Completion of the above two points, the remaining still need to consider a point, are hourly tasks, this time card point to use what fields? The first thing to determine is that offline and real-time task jam time fields must be consistent, otherwise there will certainly be problems. Currently offline use camus to pull data from kafka to HDFS, hourly tasks, the use of nginx_ts this time field to card point, this field is reported to the nginx server to record the point in time. And real-time data access is to use flink to consume kafka data, in the form of rolling logs written to HDFS, and then in the establishment of the hive table load HDFS file to get data, although this hive is also days/hours secondary partition, but the offline table is based on nginx_ts to cardinal point partition, but real-time hive table is based on the task start to go to the But the real-time hive table is partitioned according to the point in time when the task starts to load the file to distinguish the partition, there is a difference, direct screening partition and offline data comparison, there will be some differences, the practice should be to screen the scope of the partition, and then screen the nginx_ts interval, so that in the comparison with the offline to be reasonable.

Currently, the main delay in the real-time data access layer is in the UDTF function parsing. The real-time UDTF function is developed based on the reported log format, which can complete the log parsing function.

The parsing flow chart is as follows:

The parsing rate chart is as follows:

The chart is not at the time of the peak volume of data intercepted, the current 800 records/second shall prevail, the parsing rate of the approximate one record for 1.25ms.

The current task of the task's flink resource allocation of the number of cores for the number of 1, assuming that the parsing rate of 1.25ms a record, then the peak rate of 1.25ms a record, then the parsing rate of 1.25ms a record.

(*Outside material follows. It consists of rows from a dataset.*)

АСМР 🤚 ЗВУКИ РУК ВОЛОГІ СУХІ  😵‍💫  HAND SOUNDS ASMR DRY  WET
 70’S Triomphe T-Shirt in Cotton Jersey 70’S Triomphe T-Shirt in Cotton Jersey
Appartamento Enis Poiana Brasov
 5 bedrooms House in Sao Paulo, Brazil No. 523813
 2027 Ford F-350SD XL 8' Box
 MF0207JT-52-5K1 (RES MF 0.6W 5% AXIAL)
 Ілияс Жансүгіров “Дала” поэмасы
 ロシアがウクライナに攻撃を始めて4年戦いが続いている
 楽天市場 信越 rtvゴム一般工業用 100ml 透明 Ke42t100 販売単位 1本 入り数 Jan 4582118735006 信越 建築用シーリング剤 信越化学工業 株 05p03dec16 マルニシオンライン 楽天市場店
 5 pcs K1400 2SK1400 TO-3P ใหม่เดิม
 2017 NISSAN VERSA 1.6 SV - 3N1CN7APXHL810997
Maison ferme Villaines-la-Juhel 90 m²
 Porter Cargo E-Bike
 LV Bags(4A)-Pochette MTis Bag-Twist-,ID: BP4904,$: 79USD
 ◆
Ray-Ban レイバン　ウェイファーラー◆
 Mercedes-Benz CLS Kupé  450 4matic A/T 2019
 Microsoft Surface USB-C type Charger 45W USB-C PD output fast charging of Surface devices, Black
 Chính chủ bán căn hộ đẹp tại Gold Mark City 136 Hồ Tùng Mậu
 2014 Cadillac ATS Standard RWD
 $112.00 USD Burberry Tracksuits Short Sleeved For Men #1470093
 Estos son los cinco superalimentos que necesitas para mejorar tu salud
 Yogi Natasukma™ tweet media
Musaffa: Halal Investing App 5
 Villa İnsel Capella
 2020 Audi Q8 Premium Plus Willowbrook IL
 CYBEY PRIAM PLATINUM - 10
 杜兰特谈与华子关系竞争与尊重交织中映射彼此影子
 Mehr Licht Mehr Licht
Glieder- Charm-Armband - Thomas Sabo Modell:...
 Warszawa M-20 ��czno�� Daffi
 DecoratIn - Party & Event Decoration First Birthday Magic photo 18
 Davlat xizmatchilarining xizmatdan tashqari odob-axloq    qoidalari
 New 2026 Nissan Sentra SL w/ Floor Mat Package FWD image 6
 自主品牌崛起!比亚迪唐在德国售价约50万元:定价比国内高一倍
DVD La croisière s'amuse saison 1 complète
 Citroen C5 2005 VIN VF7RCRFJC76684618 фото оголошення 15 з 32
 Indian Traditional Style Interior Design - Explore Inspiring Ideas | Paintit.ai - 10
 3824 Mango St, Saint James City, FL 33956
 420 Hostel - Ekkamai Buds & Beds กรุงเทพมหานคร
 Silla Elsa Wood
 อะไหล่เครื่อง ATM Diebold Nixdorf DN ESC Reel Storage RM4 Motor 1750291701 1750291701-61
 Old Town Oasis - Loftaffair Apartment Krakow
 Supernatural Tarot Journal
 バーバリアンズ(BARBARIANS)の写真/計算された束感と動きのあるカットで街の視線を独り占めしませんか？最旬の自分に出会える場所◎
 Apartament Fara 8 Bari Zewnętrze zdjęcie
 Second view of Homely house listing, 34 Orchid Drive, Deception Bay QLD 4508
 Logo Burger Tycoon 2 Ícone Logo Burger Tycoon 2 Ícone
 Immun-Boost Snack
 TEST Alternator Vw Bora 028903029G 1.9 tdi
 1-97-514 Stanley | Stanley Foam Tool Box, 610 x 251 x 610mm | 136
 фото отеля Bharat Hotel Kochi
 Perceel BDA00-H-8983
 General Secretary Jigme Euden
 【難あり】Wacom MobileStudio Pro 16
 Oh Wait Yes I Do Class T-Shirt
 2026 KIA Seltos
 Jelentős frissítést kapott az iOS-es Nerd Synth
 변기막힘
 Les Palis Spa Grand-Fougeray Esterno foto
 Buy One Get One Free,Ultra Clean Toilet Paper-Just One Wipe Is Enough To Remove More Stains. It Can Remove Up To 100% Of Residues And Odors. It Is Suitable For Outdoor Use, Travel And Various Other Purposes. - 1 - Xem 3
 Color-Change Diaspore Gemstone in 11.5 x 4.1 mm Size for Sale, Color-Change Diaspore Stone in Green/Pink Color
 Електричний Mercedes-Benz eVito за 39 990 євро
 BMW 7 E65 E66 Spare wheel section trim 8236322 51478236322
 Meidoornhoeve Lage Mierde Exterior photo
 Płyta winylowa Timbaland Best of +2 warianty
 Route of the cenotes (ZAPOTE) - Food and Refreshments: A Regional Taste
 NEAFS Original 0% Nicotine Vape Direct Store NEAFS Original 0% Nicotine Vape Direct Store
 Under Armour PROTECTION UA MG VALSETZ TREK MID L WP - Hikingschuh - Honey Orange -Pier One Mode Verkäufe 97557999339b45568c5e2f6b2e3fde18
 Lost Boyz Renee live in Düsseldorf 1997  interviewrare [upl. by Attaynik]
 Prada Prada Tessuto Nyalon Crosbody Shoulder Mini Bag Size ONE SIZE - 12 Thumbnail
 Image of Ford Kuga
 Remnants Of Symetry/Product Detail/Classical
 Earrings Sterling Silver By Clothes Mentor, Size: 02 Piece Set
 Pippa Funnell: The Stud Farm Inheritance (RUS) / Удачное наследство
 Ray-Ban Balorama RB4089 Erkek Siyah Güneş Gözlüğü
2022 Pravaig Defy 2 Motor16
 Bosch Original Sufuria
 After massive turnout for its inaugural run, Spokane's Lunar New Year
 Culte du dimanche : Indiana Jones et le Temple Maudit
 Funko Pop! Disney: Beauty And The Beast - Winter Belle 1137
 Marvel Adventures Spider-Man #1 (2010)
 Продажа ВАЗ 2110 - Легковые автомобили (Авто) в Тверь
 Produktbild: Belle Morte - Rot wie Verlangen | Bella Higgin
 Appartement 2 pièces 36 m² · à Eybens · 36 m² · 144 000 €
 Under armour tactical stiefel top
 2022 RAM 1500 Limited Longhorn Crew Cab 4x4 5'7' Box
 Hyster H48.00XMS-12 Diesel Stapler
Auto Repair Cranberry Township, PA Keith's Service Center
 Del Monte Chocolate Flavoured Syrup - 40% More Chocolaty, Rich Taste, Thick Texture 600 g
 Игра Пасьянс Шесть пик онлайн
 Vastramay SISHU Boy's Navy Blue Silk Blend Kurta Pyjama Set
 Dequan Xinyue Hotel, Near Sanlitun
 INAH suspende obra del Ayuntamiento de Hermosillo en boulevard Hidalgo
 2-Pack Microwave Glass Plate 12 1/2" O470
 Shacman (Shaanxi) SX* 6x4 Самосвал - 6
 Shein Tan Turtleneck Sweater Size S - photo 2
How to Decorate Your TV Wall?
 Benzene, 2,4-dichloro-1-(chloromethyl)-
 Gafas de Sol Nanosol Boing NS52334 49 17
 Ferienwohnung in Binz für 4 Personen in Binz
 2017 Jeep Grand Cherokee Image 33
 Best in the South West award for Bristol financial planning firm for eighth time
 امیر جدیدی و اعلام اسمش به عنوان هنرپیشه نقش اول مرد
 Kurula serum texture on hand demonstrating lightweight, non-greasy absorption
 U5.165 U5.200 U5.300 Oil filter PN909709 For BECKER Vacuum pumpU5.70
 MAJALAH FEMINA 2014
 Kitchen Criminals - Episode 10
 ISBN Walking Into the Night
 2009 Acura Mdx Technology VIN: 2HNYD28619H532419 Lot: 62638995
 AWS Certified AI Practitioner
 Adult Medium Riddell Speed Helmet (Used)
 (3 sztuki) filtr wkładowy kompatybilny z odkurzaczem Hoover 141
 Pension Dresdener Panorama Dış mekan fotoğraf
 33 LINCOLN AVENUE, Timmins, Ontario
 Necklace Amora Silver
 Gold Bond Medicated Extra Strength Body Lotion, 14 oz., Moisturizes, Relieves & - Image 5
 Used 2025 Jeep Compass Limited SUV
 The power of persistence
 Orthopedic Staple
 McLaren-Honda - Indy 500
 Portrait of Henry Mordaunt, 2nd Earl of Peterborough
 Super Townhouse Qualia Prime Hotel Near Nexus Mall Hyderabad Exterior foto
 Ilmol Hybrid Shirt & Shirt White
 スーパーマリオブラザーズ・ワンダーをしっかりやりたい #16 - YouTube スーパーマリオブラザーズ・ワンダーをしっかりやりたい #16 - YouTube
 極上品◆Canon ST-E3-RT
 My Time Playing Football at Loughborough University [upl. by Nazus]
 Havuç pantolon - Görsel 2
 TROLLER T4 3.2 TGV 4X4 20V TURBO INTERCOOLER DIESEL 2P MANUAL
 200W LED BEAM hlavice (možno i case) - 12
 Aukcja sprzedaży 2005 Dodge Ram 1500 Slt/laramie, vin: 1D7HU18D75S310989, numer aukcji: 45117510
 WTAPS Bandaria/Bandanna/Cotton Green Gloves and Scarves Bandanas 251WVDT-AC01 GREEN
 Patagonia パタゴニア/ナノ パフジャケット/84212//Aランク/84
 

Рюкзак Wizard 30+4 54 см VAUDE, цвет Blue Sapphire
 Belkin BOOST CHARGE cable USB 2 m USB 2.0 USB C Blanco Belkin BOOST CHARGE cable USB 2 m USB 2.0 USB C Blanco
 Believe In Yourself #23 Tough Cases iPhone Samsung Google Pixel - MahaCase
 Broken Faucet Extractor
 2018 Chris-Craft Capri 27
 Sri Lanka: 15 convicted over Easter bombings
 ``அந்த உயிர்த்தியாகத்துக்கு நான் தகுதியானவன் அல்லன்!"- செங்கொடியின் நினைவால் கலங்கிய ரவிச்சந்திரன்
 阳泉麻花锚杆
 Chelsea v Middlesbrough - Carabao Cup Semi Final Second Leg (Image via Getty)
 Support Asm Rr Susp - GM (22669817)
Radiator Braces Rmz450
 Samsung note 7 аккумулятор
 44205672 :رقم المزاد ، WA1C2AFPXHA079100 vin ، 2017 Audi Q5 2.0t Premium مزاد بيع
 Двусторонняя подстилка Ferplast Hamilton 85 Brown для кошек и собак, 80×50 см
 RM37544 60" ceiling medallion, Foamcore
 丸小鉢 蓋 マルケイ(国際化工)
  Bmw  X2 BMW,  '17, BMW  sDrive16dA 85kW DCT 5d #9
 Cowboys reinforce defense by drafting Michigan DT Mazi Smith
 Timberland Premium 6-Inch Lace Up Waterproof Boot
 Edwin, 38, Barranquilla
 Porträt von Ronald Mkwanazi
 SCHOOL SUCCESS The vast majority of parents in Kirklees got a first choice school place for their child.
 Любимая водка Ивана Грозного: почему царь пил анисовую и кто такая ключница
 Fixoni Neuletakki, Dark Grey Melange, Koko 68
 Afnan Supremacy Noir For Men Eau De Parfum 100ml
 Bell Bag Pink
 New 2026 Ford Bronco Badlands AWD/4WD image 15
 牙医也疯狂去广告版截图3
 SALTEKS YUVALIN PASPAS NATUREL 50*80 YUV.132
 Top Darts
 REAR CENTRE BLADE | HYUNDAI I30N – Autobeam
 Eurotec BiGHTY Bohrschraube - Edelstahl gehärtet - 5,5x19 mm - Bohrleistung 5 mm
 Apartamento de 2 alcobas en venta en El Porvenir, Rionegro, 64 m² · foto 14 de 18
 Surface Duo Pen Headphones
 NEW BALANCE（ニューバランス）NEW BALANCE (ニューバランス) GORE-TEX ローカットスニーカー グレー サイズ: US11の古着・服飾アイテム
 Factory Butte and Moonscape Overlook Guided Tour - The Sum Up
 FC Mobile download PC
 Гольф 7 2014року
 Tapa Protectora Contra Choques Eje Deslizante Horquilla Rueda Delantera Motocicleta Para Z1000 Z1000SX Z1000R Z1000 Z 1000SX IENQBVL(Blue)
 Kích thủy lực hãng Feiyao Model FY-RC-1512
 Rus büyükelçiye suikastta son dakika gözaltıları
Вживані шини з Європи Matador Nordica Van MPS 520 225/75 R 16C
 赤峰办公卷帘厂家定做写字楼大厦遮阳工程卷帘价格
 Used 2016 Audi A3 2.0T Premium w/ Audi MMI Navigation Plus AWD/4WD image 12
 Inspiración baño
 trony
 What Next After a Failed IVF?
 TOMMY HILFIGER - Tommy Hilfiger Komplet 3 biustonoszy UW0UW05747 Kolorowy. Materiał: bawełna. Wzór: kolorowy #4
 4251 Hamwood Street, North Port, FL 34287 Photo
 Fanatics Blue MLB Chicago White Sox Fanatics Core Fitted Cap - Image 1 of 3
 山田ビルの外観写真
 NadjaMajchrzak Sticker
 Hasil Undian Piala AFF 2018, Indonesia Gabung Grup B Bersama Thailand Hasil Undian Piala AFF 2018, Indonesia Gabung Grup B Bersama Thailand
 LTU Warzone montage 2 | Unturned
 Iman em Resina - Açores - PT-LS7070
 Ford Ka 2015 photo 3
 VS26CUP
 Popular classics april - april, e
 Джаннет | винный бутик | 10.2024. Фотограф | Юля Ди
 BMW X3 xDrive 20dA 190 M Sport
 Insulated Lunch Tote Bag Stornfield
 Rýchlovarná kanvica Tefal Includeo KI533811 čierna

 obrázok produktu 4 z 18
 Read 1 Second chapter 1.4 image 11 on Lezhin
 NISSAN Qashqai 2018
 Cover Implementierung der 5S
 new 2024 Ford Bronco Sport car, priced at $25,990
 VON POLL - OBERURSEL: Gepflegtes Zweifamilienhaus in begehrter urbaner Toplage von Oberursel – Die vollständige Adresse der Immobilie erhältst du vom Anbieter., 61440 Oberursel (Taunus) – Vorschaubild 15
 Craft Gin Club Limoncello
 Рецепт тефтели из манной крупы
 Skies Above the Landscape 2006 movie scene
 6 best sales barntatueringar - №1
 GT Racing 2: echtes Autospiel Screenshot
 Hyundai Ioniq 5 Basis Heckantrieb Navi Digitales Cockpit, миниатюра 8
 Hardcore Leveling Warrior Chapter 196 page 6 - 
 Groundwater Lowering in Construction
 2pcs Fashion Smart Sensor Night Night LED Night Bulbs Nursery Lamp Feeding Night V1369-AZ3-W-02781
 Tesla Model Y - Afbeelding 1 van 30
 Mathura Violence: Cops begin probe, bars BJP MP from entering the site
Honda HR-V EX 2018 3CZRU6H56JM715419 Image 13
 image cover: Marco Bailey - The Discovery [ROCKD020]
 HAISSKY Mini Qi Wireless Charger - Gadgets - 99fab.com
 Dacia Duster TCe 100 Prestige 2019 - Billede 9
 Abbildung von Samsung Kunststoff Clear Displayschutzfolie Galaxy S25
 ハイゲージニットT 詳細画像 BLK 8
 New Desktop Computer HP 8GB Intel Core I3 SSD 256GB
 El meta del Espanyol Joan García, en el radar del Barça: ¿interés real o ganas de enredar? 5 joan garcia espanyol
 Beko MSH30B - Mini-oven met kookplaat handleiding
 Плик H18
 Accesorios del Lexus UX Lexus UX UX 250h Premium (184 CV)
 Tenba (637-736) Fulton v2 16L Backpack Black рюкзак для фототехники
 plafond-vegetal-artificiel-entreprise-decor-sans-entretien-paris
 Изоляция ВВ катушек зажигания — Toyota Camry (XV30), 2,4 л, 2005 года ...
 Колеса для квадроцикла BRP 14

Introducing the current situation of offline dimension table, take the commodity dimension table, the number of records in the whole line is nearly one hundred million, the computational logic from 40-50 ods layer data table, the computational logic is quite complex, if the real-time dimension table is also referenced to the offline dimension table to complete the words, then the cost of development and maintenance costs are very large for the technology is also a big challenge, and at present there is no need to require 100% of the dimension attributes, but also to ensure that the dimension attributes can be used in the real time. There is no demand for 100% accuracy of dimension attributes. Therefore, the pseudo real-time dimension table is ready to be output at 24:00 on the same day, and the dimension table of the same day will be used by the real-time public **** layer on the next day, i.e., the T-1 model. The calculation logic of the pseudo real-time dimension table refers to the offline dimension table, but in order to guarantee the output before 24:00, it is necessary to simplify the offline calculation logic and remove some uncommon fields, so as to guarantee that the pseudo real-time dimension table can be output faster.

Real-time dimension table calculation flowchart:

At present, we use flink as the company's mainstream real-time computing engine, use memory as the state backend, and do checkpoint at a fixed interval of 30s, and use HDFS as the storage component of checkpoint. And checkpoint is also an important basis for restoring the state after the task restart. People familiar with flink should know that the use of memory as a state back-end, the memory is the JVM heap memory, after all, is a limited thing, the use of improper, OOM is a common thing, the following describes the limited memory, if the completion of regular calculations.